### [WHAT YOU ARE ASKED TO DO]
Beginning with the line containing "Singer DLS Lightweight" and going on through the line containing "Matelas et sommier", the lines below are to be returned exactly, pictures excluded and nothing added.
-- PROVIDED RECORDS follows --
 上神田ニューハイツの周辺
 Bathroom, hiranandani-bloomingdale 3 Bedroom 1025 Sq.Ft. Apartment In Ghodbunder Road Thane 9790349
-- PROVIDED RECORDS concluded --
-- PROVIDED RECORDS follows --
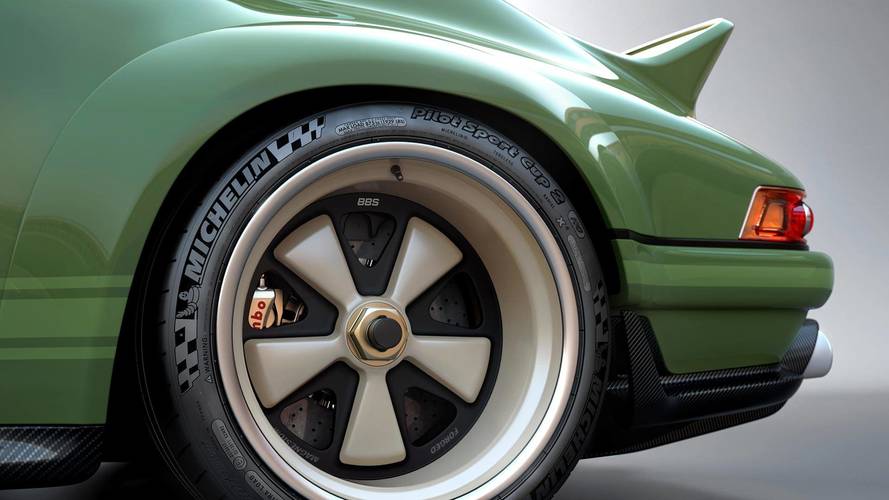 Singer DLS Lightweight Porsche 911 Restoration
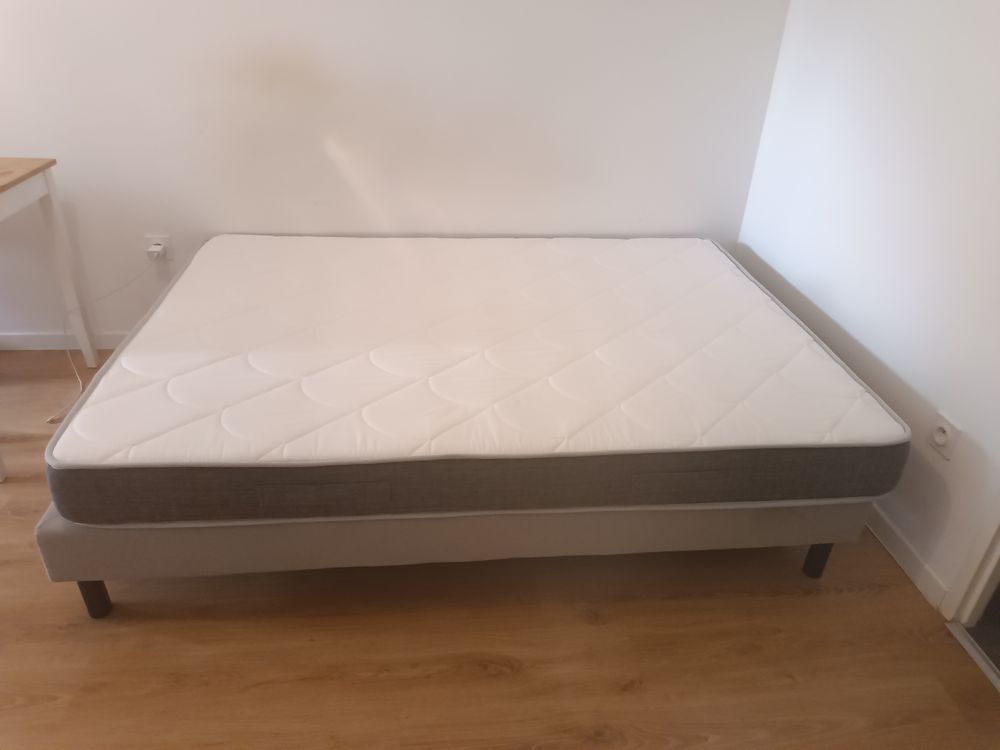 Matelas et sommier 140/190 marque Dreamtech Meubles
-- PROVIDED RECORDS concluded --
### [REPLY]
 Singer DLS Lightweight Porsche 911 Restoration
 Matelas et sommier 140/190 marque Dreamtech Meubles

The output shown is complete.